Cool, I will definitely try it out. I suppose I could get Greg to modify the neck of my existing mandolin if I decided I liked a lower profile neck. I have a Gibson F5G on order from the Mandolin Store and I specifically chose the model without the wide nut. We will see how I go.

----------


## robert.najlis

I ordered a mandolin with a 1" nut width (that was what Bill Monroe had by the way, so no one can say anything bad about it  :Smile:   )
I love it.  I have gotten used to it completely.  It never feels too narrow, and I don't have any problems with it being too wide.
I never had a problem with the 4 fingered chop chord, that was not the reason why I got this.  I just found the width much more comfortable.  It is easier for me to chord two strings with one finger, and some more complicated noting up the neck has become easier as well.

----------


## mandogerry

Hi Misty,

My hands also are small, and I've had to make some adjustments with mandolin playing (I played violin a million years ago). Lots of early 20th century mandolins had shorter scales (13", same as a violin) and some had narrow necks like the 1" that Robert refers to above, also more violinlike. Maybe this was because a lot of women played in mandolin orchestras then. Finding these dimensions in modern mandolins unfortunately requires a custom build. But other things can help those of us with small hands.

Neck bulkiness and shape differ among builders. For example, I had to give up my beloved 99-year-old Gibson A mandolin because the chubby neck was (for me) like holding a baseball bat and, after four years of trying to adapt to it, I had chronic thumb pain. It had to go, regardless of how beautiful its tone was.

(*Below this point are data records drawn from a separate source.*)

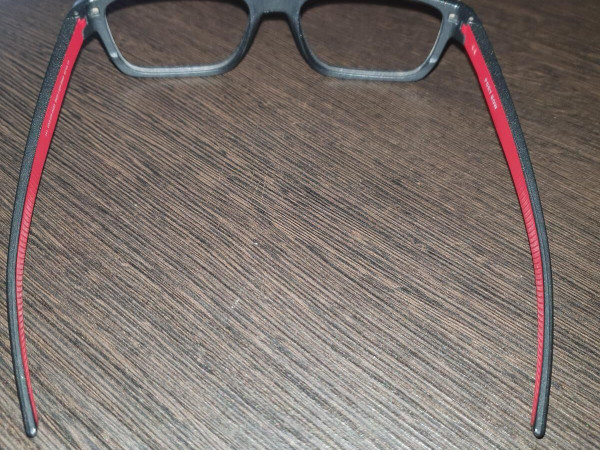 Oakley  - Ox 8164 0453 53¤17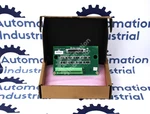 General Electric IS200SRTDH2ACB Terminal Board Mark Vi New. Fixed Price $5565.00.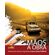 Maos-a-obra---Historias-de-vida-do-empresario-Lauro-Carlos-Frohlich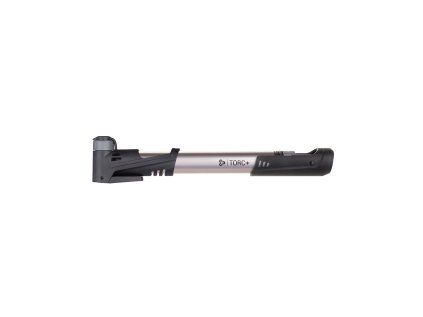 Hustilka mini CTM Torc+
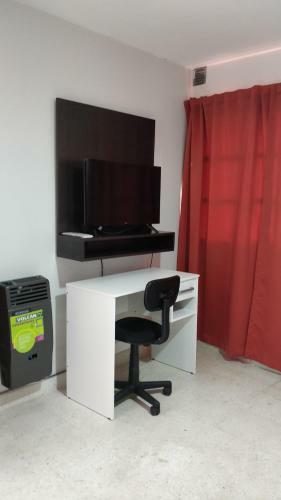 Rosa Ramona Rooms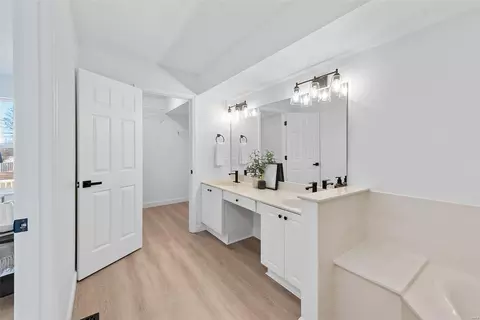 422 Winter Wind Dr, O'fallon, MO 63366 photo 9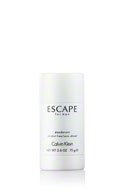 Escape for Men von Calvin Klein - Deodor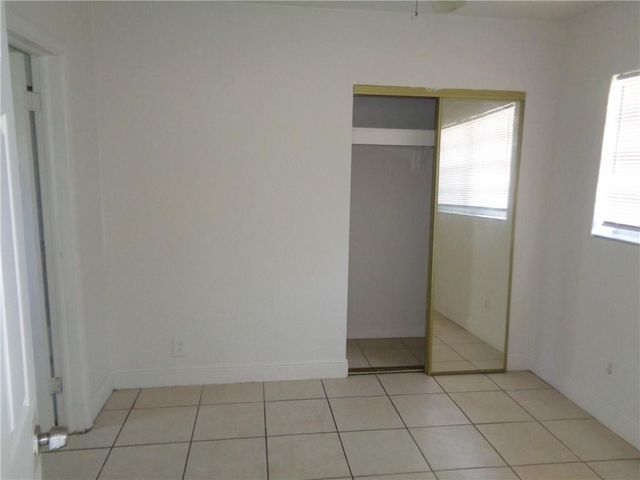 711 SW 9th Street 1, Dania Beach, FL 33004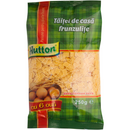 Hutton frunzulite 6 oua, 250 g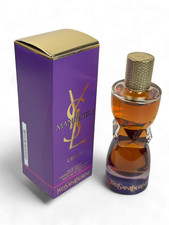 Ysl yves saint laurent - yves,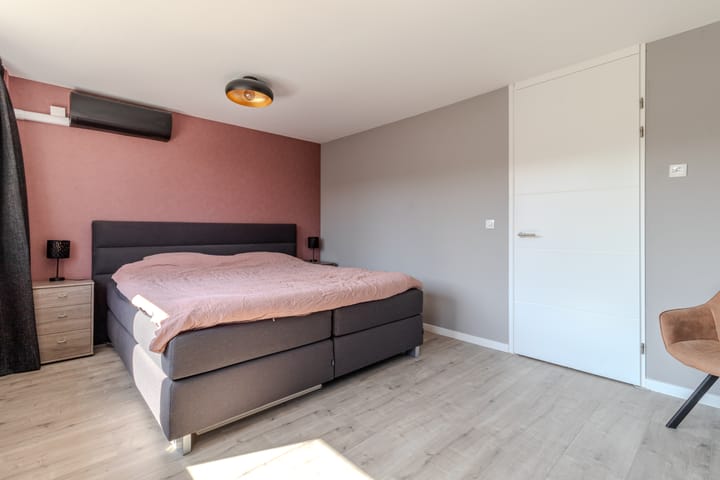 Foto 15 van Domineestuin 35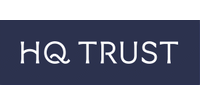 HQ Trust GmbH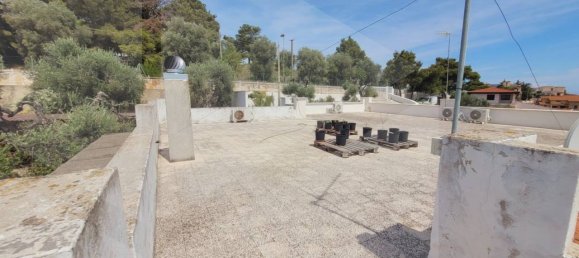 3-Zimmer Villa in Vieste, Italy, Nr. 25937 9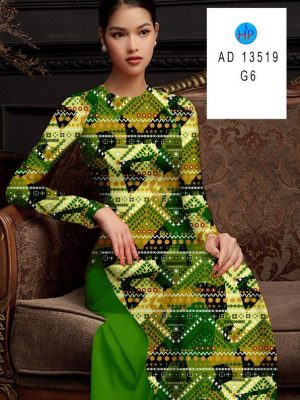 1699800903 876 Vai Ao Dai Hoa Van Doc Dao AD 13519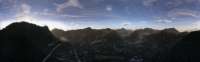 Tom Clancys Ghost Recon  Wildlands 360 2017.03.10 - 20.08.3[...].jpg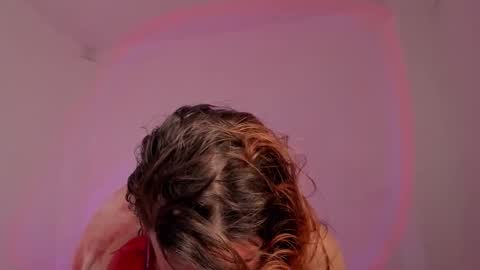 lh6 9c online show from October 14, 1:46 pm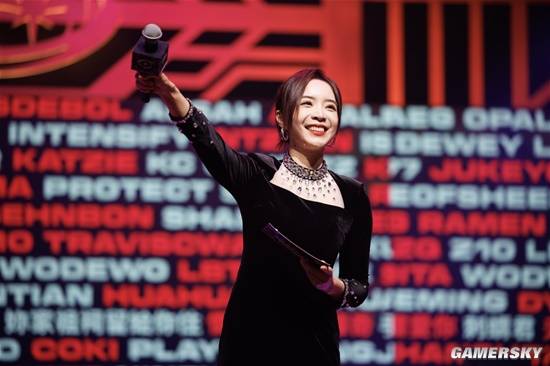 《云顶之弈》游民采访 让游戏变得更有趣而不是更竞技九游娱乐(图1)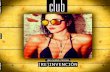 Club73: [Re]Invención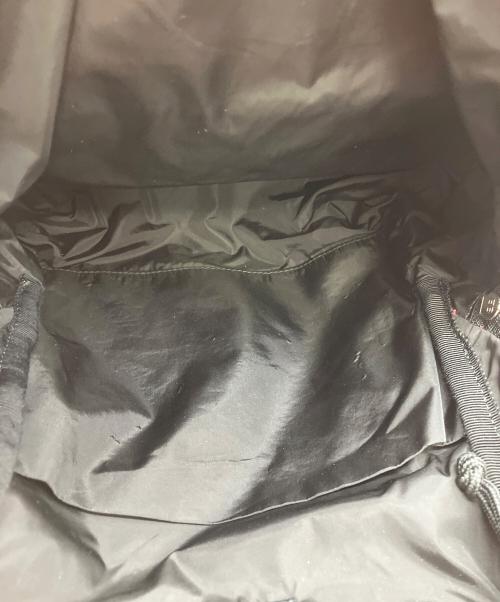 BALENCIAGA（バレンシアガ）BALENCIAGA (バレンシアガ) WHEEL BACKPACK ピンクの古着・服飾アイテム
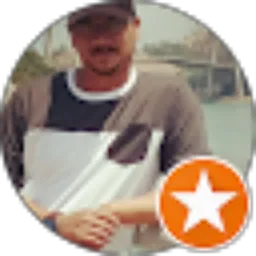 Review From Priyadi Gunawan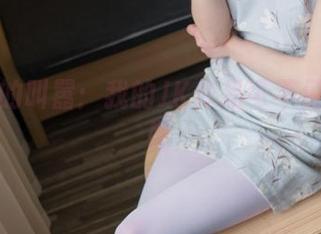 西尔酱的叫嚣：我的JK作品可不仅仅是美啊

I've found after much experimenting over a few years that the solution is NOT to adopt odd positions, like holding my mandolin facing the ground. I've also had to accept that I can't stretch as far as some of the boys with what I call (with no disrespect intended, really -- some of them use the same term) their "ham hands". I play mostly melody; when I do chords, two-finger or three-finger chords, or open string drones, work just fine. If I have to, I slide up the neck into different positions to get the fingering I need; how fortunate that frets get closer together as you go up the neck.  :Smile:   A radiused neck helps some and many builders use them as a standard feature now. Having a mandolin set up with low action is very important to me, too.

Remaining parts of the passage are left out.